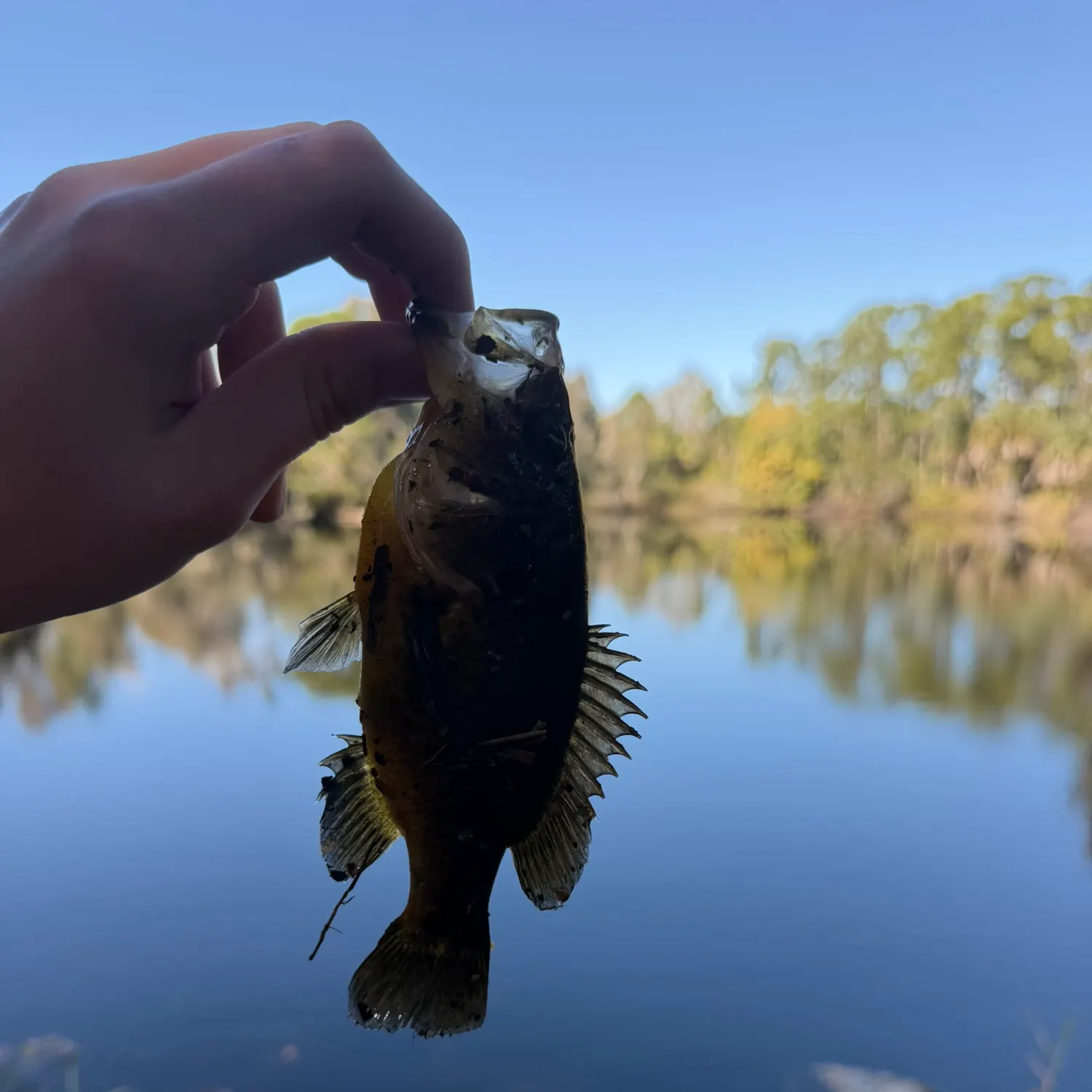 The most recent Warmouth catches on Fishbrain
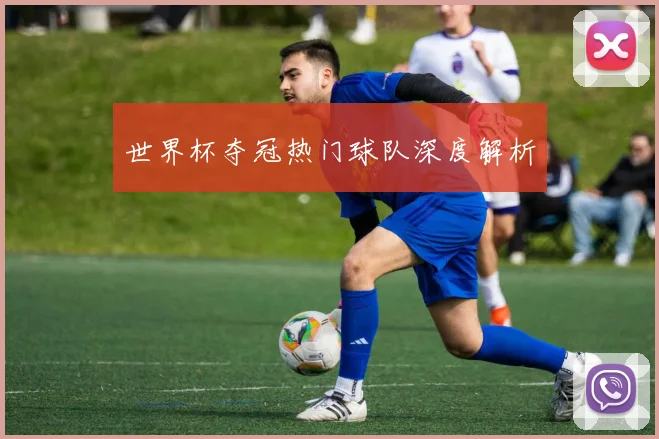 世界杯夺冠热门球队深度解析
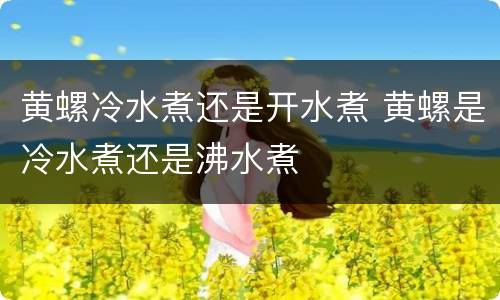 黄螺冷水煮还是开水煮 黄螺是冷水煮还是沸水煮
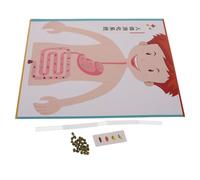 Vaguelly 4 Set Modelli Digerente Te per Kit Esperimenti Scientifici Interattivi per Apprendimento Stem Materiale Educativo per Scuola e Media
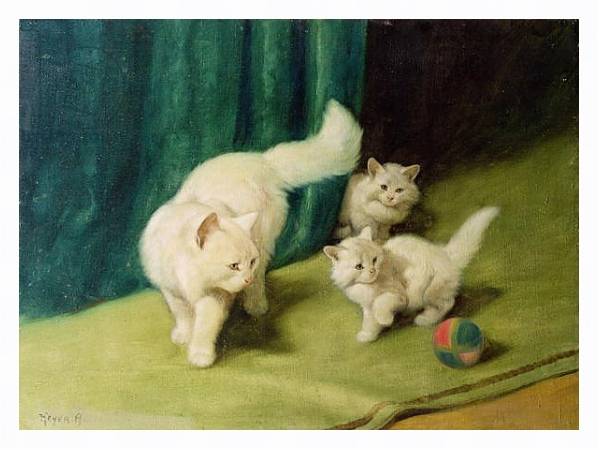 Постер White Persian Cat with Two Kittens с типом исполнения На холсте в раме в багетной раме 221-03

● ● ● ● ● ● ●

→ EXERCISE PROMPT:
Output the full set of records above without changing a word, and drop the images.

→ TASK RESULT:
 The most recent Warmouth catches on Fishbrain
 世界杯夺冠热门球队深度解析
 黄螺冷水煮还是开水煮 黄螺是冷水煮还是沸水煮
 Vaguelly 4 Set Modelli Digerente Te per Kit Esperimenti Scientifici Interattivi per Apprendimento Stem Materiale Educativo per Scuola e Media
 Постер White Persian Cat with Two Kittens с типом исполнения На холсте в раме в багетной раме 221-03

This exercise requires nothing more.